Heard a great story today.

Kenny came into the office. He is a self advocate, management committee member and currently a volunteer developing office skills. To get to work he caught the number 6 bus from Queens Park to Willesden.

It was a crowded bus and he was pleased to get a seat close to the driver as his balance isn’t great and he sometimes finds using crowded buses difficult.

The woman next to him asked him to move and he refused saying its a crowded bus and its hard for me to move. The woman persevered on the grounds that ‘mental handicaps’, (her words), shouldn’t be sitting by her.

The driver stopped the bus and intervened. The woman got up and left the bus. Hurrah!!!!.

This sounded like a great story to me as Kenny as found it really hard to be accepted by the community he has lived in for so long. He knows he has a right to be there and that he wants to be there. in spite of being assaulted and insulted, particularly on buses where the great British public holds sway. He is still out there fighting for his right to live in the community, speaking up for himself.

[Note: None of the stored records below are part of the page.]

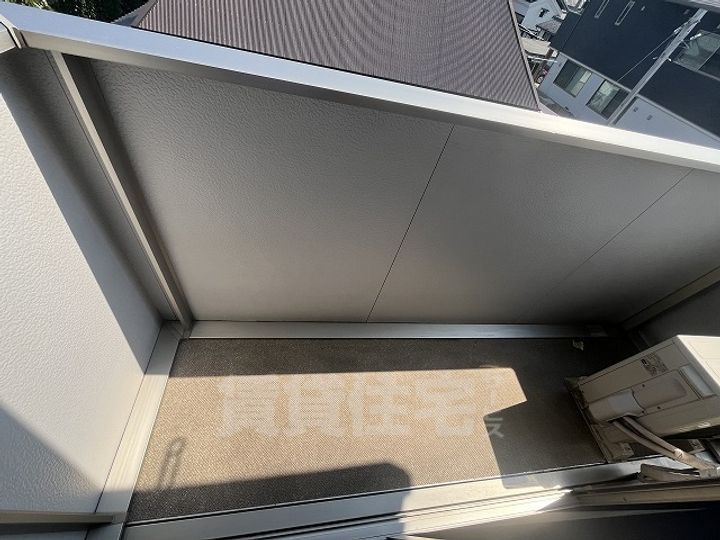 calme villageさいおんじのその他画像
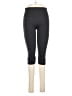 Lululemon Athletica Gray Active Pants Size 8 - photo 1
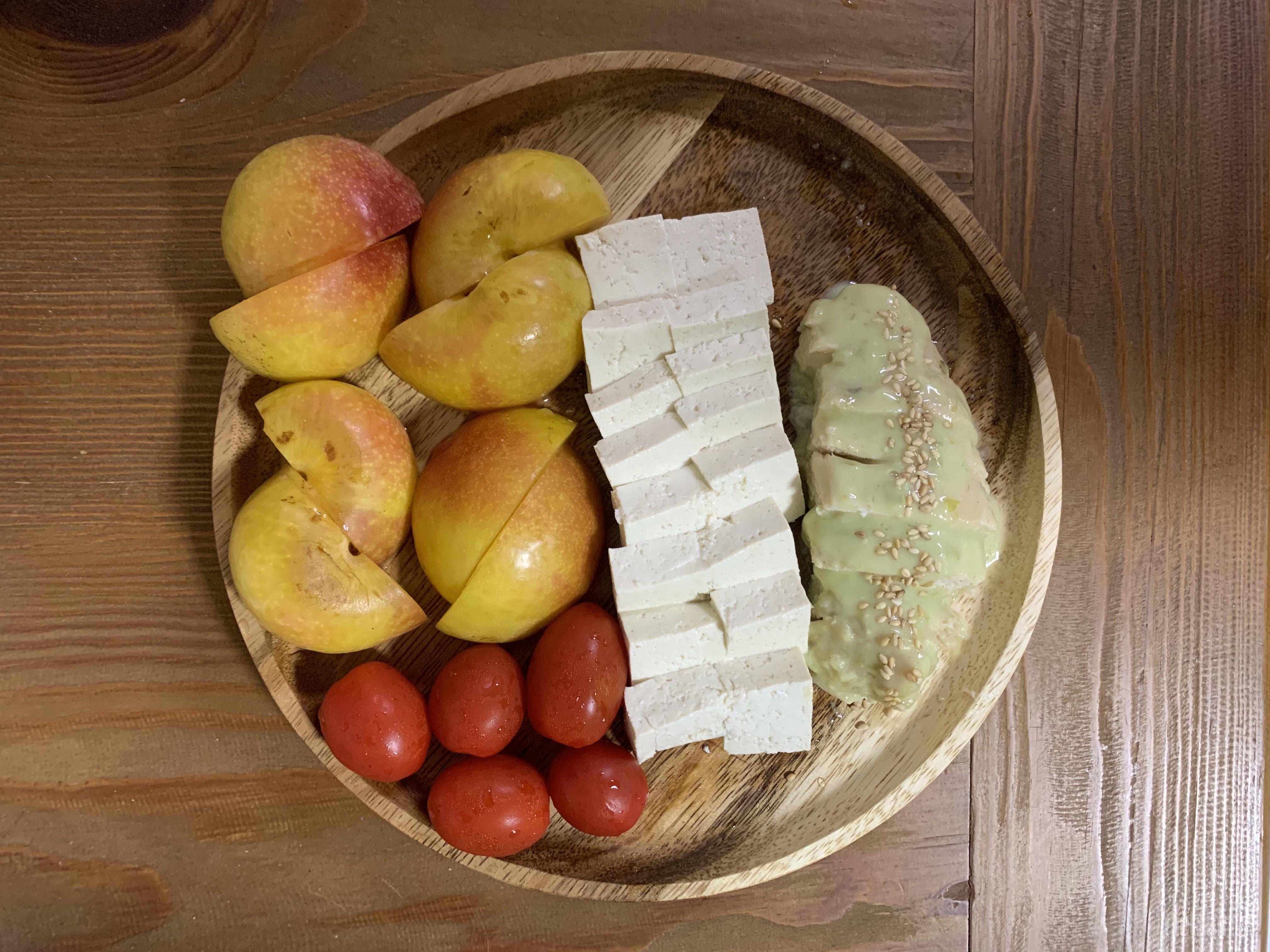 40팩 샀는데 배송오자마자 너무 맛있
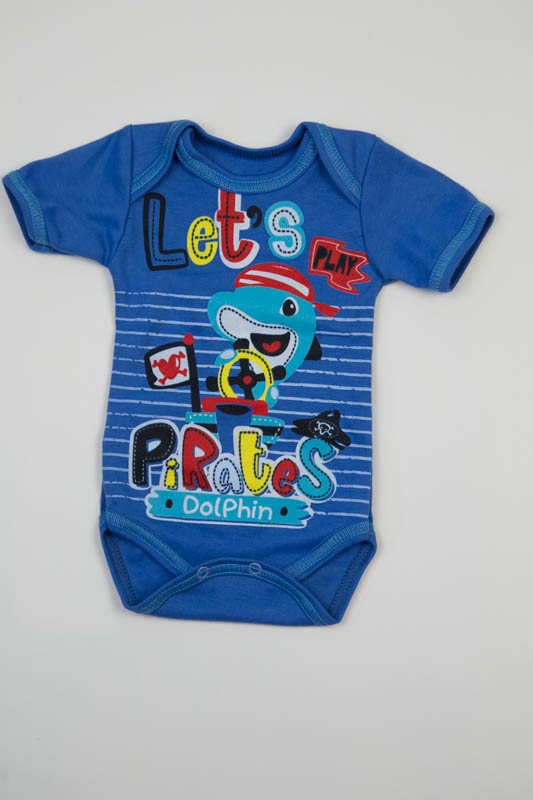 Боді 900-14309Р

The other great part of the story was a driver being prepared to intervene and to speak up for Kenny. The thing about the social model of disability is the clue is in the word. It’s social. We are all involved. We should all take responsibility. Few of us do. Discrimination goes on. Disabled people and it seems people with learning disabilities in particular get abused. It will only stop when we stand up and be counted. It stopped in this story because two people stood up to be counted. Will you?

Kenny and I sent an email to Transport For London as a means of celebrating a moment in which he was annoyed to be challenged and insulted and then happy to be supported.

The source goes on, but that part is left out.